Sides: The forecast is the result of three things: the factors in the model, the importance of those factors in previous elections (1980-2012), and where those factors stand today. National conditions are already not that favorable to the Democrats: it's a midterm year, the economy is not growing very rapidly, and the president is not very popular. Based on Senate elections in 1980-2012, national conditions alone give the GOP good odds of taking the Senate in 2014. When we added measures of candidate quality to the forecast, those odds shot up to 82 percent. This is because many of the GOP recruits this year — like Tom Cotton in Arkansas and Bill Cassidy in Louisiana — are experienced politicians who typically do better than candidates with no previous record of winning elective office.
FIX: Iowa and Michigan look stronger for Republicans in the model than most people think. North Carolina looks stronger for Democrats. Why the discrepancy in each of those states?
Sides: Good question. The way to think through states like Iowa, Michigan and North Carolina is to compare them in terms of the factors currently in the model.
In Iowa, as in several other states, we had to make an assumption about what kind of GOP candidate will emerge to take on Democratic Rep. Bruce Braley. We assumed that it will be a candidate with previous political experience similar to GOP candidates in previous open-seat races. That would be someone who has been elected to a statewide office or to the U.S. House. It seems more likely, however, that the eventual nominee will have, at most, elective experience at the state legislative level. This would increase the odds for Democrats.
In Michigan, our model is pretty much in line with others. It suggests a close race, with Republicans the slight favorites. The two candidates — Democratic Rep. Gary Peters and former Secretary of State Terri Lynn Land — are both strong candidates, and polls currently show a close race.
North Carolina is clearly the forecast that deviates most from others. We currently give Kay Hagan a good chance of winning. Three things are working in her favor. North Carolina isn't as strongly Republican as some other key states. She is an incumbent, and incumbents do have advantages in congressional elections. Third, the most experienced GOP candidate (and current front-runner), Thom Tillis, serves in the state legislature, and historically state legislators have not done as well in Senate elections as U.S. House representatives or candidates who have won a statewide office.
FIX: How did you decide on the factors that go into the model? Can they/do they change?
Sides: The model currently relies on factors that political science research and even casual observation would highlight as important predictors of congressional elections — things like presidential approval, state or district partisanship, incumbency status and candidate experience. There are two components that we'll add soon.

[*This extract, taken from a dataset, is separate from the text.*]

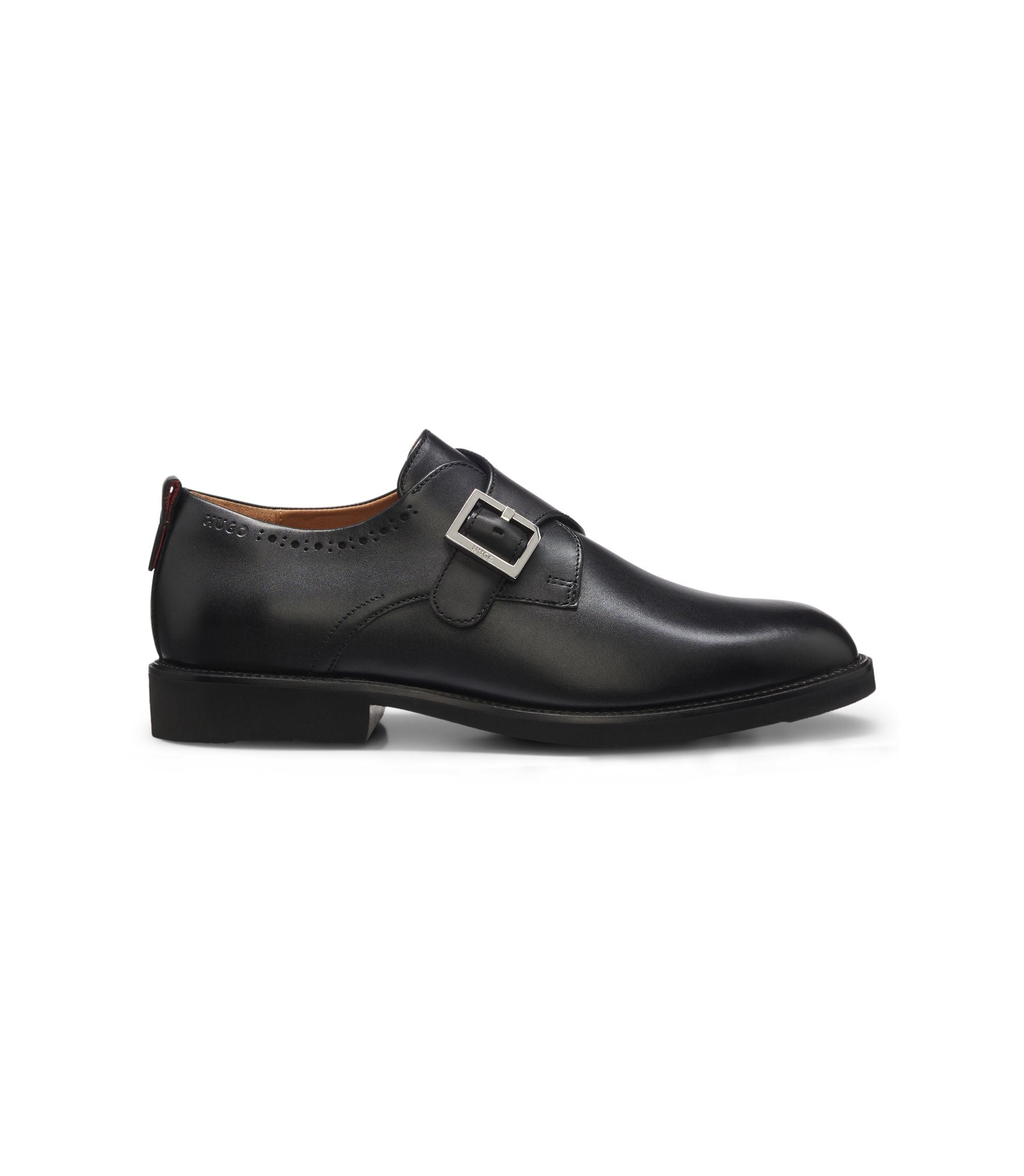 Hugo Leather Monk Strap Shoes With Brogue Detailing Black Black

The first is fundraising and the second is polls. (Indeed, some preliminary analysis suggests that factoring in fundraising will shift outcomes in key districts and states. The Iowa Senate race will tilt toward the Democrats, for example.)
The second component is polls. Combining a forecasting model with a polling average is nothing new, of course. But as we get closer to the campaign, the polls will become more predictive and thus the model will weight those more and more heavily.
FIX: What surprised you most in this latest model run?
Sides: What surprised us is that the current model is so bullish about the Republicans' chances in the Senate. However, as we've noted all along, the current model is based only on conditions today. If conditions change or the polls shift because of unexpected events in a race, our forecasts will change too.